PostPosted: Sun Sep 09, 2007 4:36 am    Post subject: Venice ends on sour note with shock film choices

By Mike Collett-White and Silvia Aloisi

VENICE (Reuters) - Ang Lee has walked off with another top award at the Venice film festival, and surprised critics are wondering how he did it.

"Lust, Caution" ("Se, Jie") won the Golden Lion late on Saturday, two years after the Taiwanese director scooped the big prize for gay cowboy drama "Brokeback Mountain."

In 2005 he was a popular winner. In 2007 he was not.

Reporters and critics in the press room, watching the closing ceremony beamed live on a big screen, booed when Lee's Golden Lion was announced, and again, more loudly, when Hollywood star Brad Pitt was named best actor.

"In all of the pre-award speculation, nobody had thought about Ang Lee's film, not even for one of the lesser awards," Natalia Aspesi wrote in La Repubblica newspaper on Sunday.

At a post-verdict news conference, jury president Zhang Yimou offered no explanation of the panel's decision to give the Golden Lion to Lee's film.

Reviews of "Lust, Caution" were generally negative, arguing that at 156 minutes it was much too long. The slow narrative, set in World War Two Shanghai, is punctuated by explicit and sometimes violent sex which Lee hinted was real.
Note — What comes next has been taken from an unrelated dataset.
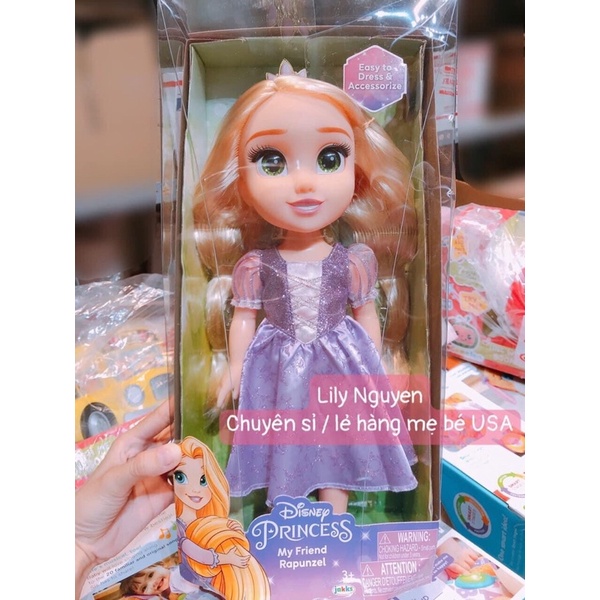 Búp bê công chúa Rapunzel siêu xinh - BAABEELAND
The Hollywood Reporter's verdict was: "Ang Lee's lugubrious spy epic ... brings to mind what soldiers say about war: that it's long periods of boredom relieved by moments of extremely heightened excitement."

The decision meant that a festival broadly praised for its film selection and organization ended on a slightly sour note.

Although no strong favorite emerged from the 23 films in competition in Venice, critics agreed Tunisian-born Abdellatif Kechiche's "The Secret of the Grain", about an Arab family living in France, would be a worthy winner.

In the end a disappointed-looking Kechiche walked away with a jury runner-up prize, as did U.S. film maker Todd Haynes for his conceptual biopic of Bob Dylan called "I'm Not There".

Also in the frame in the runup to the awards were two films about the war in Iraq.

In Paul Haggis's "In the Valley of Elah", Tommy Lee Jones won praise for his performance as a war veteran whose son is murdered after returning from Iraq, and Brian De Palma's "Redacted" shockingly recreated abuses in Iraq by U.S. soldiers.

"MYSTERY" AWARD TO PITT

More controversial than the Golden Lion for Lee was the best actor prize for Pitt, who starred as the fabled outlaw in "The Assassination of Jesse James by the Coward Robert Ford."

Critics said the decision was particularly baffling because Pitt's co-star in the movie, Casey Affleck, was widely considered to have stolen every scene, while Jones and Michael Caine in Kenneth Branagh's "Sleuth" were also frontrunners.

More popular were the Silver Lion for best director to De Palma, whose brutal film stunned audiences, and the best actress prize for Cate Blanchett.

In a daring piece of casting that appears to have paid off, the Australian-born actress was one of six performers to play Dylan in "I'm Not There", and arguably the most convincing.

Zhang sought to soothe one journalist who challenged the jury's decisions, saying that "all the force and power of heaven" would not be enough to guarantee a decision that kept everybody happy.

But the jury appears to have bent over backwards to appeal to as many tastes as possible by awarding the jury runner-up award to two films instead of one, and handing Russian director Nikita Mikhalkov a special Golden Lion for his work.

(For blogs about the Venice film festival, please see:
http://blogs.reuters.com/category/events/venice-2007/)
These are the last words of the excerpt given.